Perhaps coincidentally, perhaps not, that person later revealed to me that they had been struggling with bipolar disorder for most of their life. It was frustrating that people often found it “scary” instead of attempting to understand. My friend had concerns similar to mine, telling me that they winced every time someone said “the weather has been really bipolar lately” and things to that effect. I had to admit that I said stuff like that all the time, but promised to stop. To this day, I do not use “bipolar” to describe anything other than a person with that specific diagnosis, and I am quick to gently correct people who do.

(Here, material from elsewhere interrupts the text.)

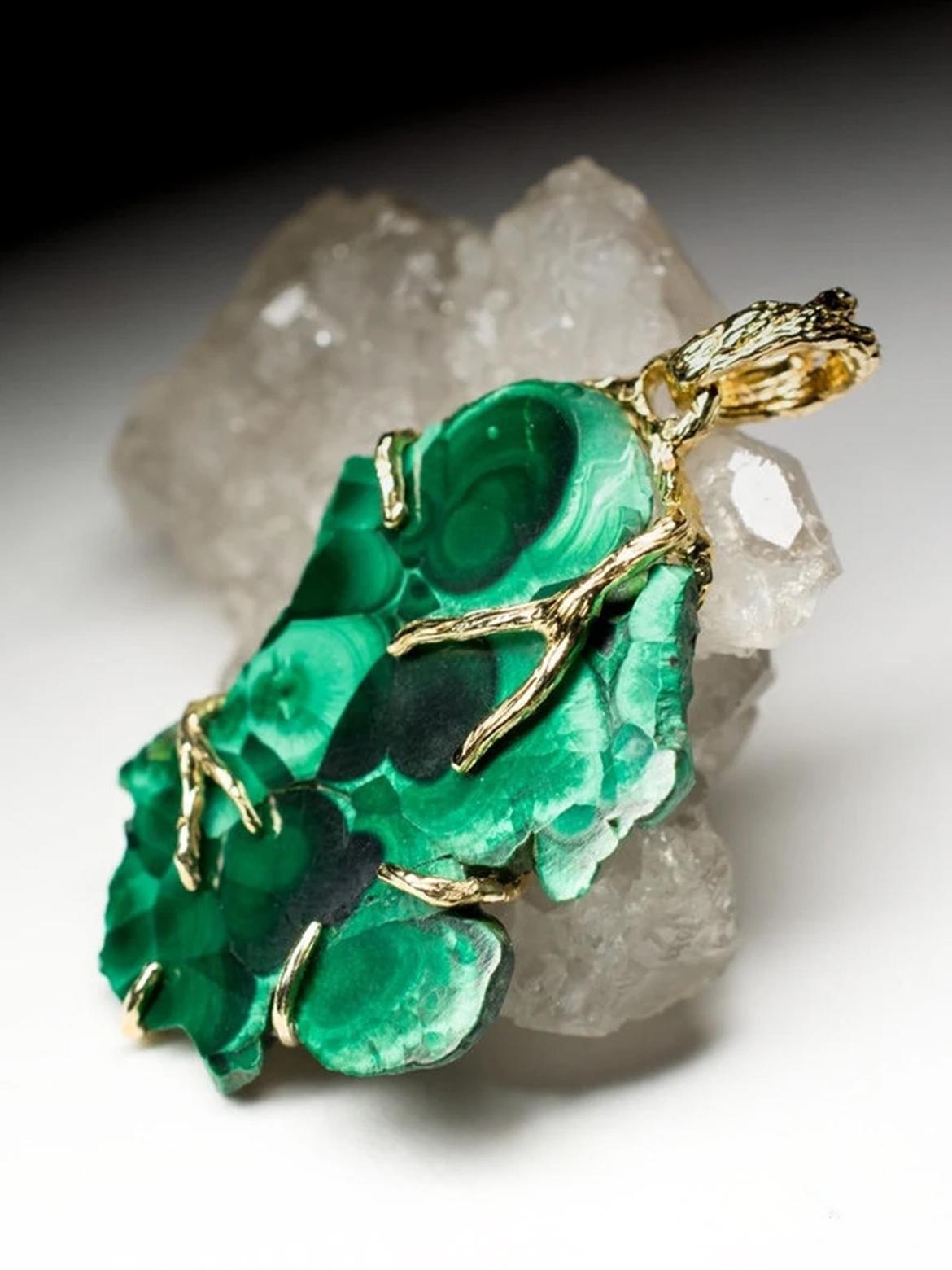 green malachite necklace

And that is all I am asking you to do. Examine your own language and see if any words need to go. Mental illness terms are of course fine to say, providing we are using them in the way they are meant to be used. For example, when the situation calls for it, I say “I used to have anorexia”, but I would never say “I should get anorexic to lose some weight”. Other phrases such as “I’m so full, I wish I was bulimic”, “my mom is so bipolar sometimes”, “You’re giving me an anxiety attack”, should be discarded (unless they are said in sincerity, in which case proper concern should follow). I am not asking anyone to boycott The Perks of Being a Wallflower, nor to stop watching TV shows like Criminal Minds or movies like Suicide Squad (both of which contain numerous villains who are all mentally ill). Watch what you want, only take it with a grain of salt. Know that media representations of mental illness are not sufficiently reliable, including the idea that mental illnesses are terms that can be applied to anything distasteful. Also, be part of the positive change. If you notice a friend using terms that could be insensitive or anxiety-inducing, gently correct them. Our words can hurt, and the best thing we can do is try to minimize their negative effects.
Well said. Brava.
ReplyDeleteThank you, Lily, for being brave enough to speak the truth in a world where being silent when insensitive, damaging and incorrect information is put out there. I appreciate your willingness to be vulnerable and authentic. Those of us who have a mental health diagnosis, such as Bipolar Disorder with Major Depressive Episodes such as myself, should not be afraid to talk about it, to help educate people and to show them what the hope of recovery looks like. Lives can be saved. I have no problem sharing my experience with someone to encourage hope for a quality life and to promote the value of therapeutic intervention. You go, girl! You are awesome. God bless you!